• **Exercise**
Omit the pictures, then reproduce exactly the line bearing "Once you're connected" and every line after it up to and including the last line of the entries below.

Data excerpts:

Segment Open

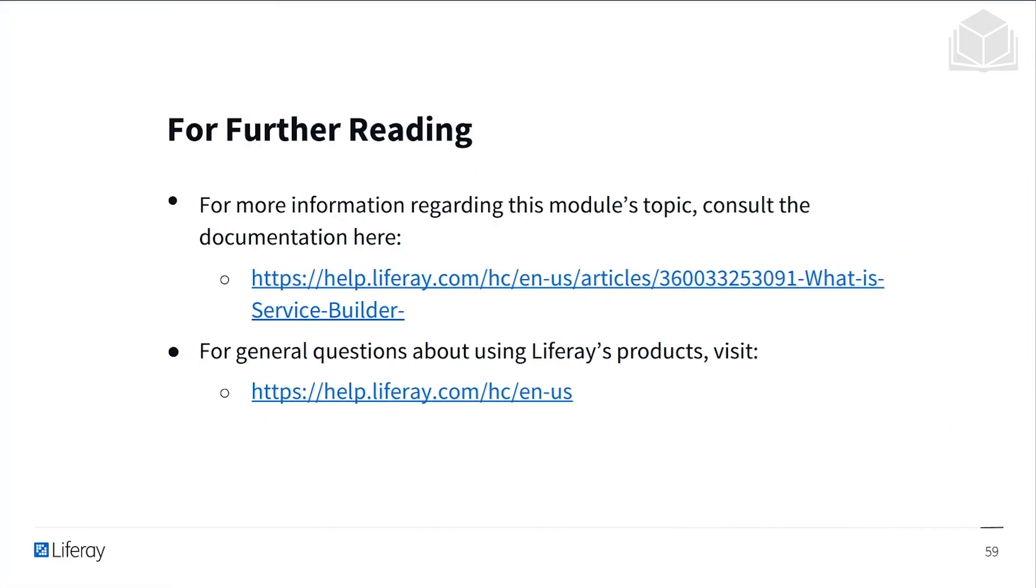If you'd like to read more on the topics that we discussed, there is a link that helps with understanding Service Builder, and if you have any general questions about Liferay's product, you can use help.liferay.com.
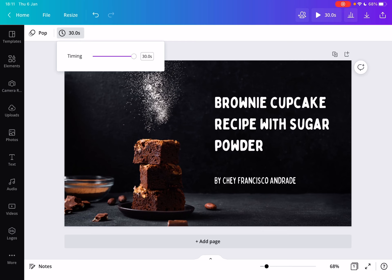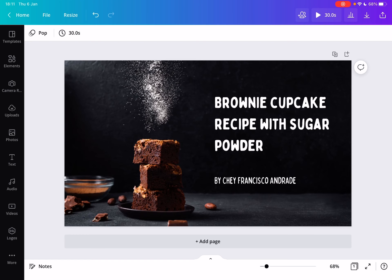So this is how you can choose the length of your animations or videos in Canva.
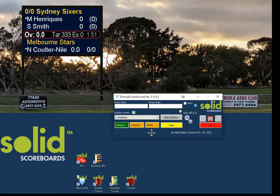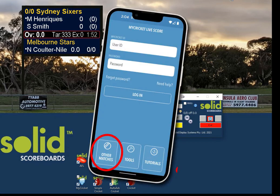Once you're connected on the computer to the Bluetooth, open up your smart device and open up the MyCricket application. Usually you would go straight to your match, but if you're just testing this system, in the MyCricket app there's a button called 'Other Matches.' Go to that and then select demo match.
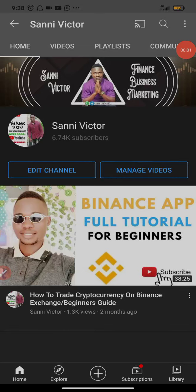I just discovered a crypto trading robot on KuCoin and I'm about to try it now. What's up guys, Senator Victor here, welcome back to my YouTube channel. If you're new here, please subscribe and tap the bell button to get notifications anytime I upload new videos. Now let's dive in and go straight to business.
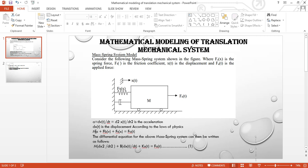According to physical laws, these three forces — dashpot force, mass force, and spring force — are equivalent to the applied force F_a(t). The acceleration can be written as dv(t)/dt, which equals d²x(t)/dt². Substituting values gives the full equation: this term is the dashpot force, this is the spring force, and this is the mass term.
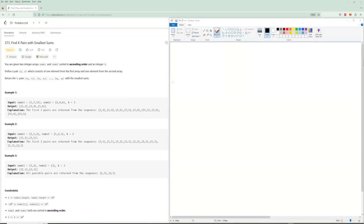Hello and welcome to another LeetCode video. Today we're going to be doing the problem of the day for June 27th: Find K Pairs with Smallest Sums. It's definitely an interesting problem - it shows you how to use a bunch of different data structures, which is kind of nice. It's not super hard but I'd say it's towards the harder end of the medium problems.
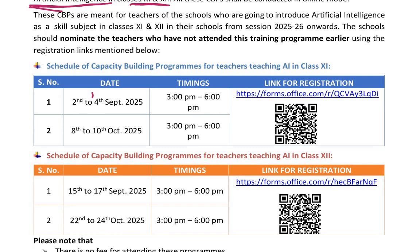These programs are meant for teachers of schools who are going to introduce artificial intelligence as a skill subject in classes 11th and 12th from this session onwards. The school should nominate teachers who have not attended this training program earlier, using the registration links mentioned in the circular. Here you can see the schedule for capacity building programs for teachers teaching AI in class 11th.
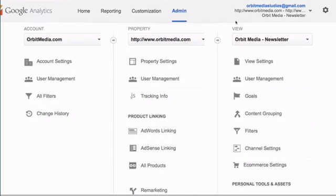Hi everybody, this is Andy from Orbit Media and I'm going to show you how to create a filter in Google Analytics.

Segment Closed

• **Result for this task**
Once you're connected on the computer to the Bluetooth, open up your smart device and open up the MyCricket application. Usually you would go straight to your match, but if you're just testing this system, in the MyCricket app there's a button called 'Other Matches.' Go to that and then select demo match.
I just discovered a crypto trading robot on KuCoin and I'm about to try it now. What's up guys, Senator Victor here, welcome back to my YouTube channel. If you're new here, please subscribe and tap the bell button to get notifications anytime I upload new videos. Now let's dive in and go straight to business.
According to physical laws, these three forces — dashpot force, mass force, and spring force — are equivalent to the applied force F_a(t). The acceleration can be written as dv(t)/dt, which equals d²x(t)/dt². Substituting values gives the full equation: this term is the dashpot force, this is the spring force, and this is the mass term.
Hello and welcome to another LeetCode video. Today we're going to be doing the problem of the day for June 27th: Find K Pairs with Smallest Sums. It's definitely an interesting problem - it shows you how to use a bunch of different data structures, which is kind of nice. It's not super hard but I'd say it's towards the harder end of the medium problems.
These programs are meant for teachers of schools who are going to introduce artificial intelligence as a skill subject in classes 11th and 12th from this session onwards. The school should nominate teachers who have not attended this training program earlier, using the registration links mentioned in the circular. Here you can see the schedule for capacity building programs for teachers teaching AI in class 11th.
Hi everybody, this is Andy from Orbit Media and I'm going to show you how to create a filter in Google Analytics.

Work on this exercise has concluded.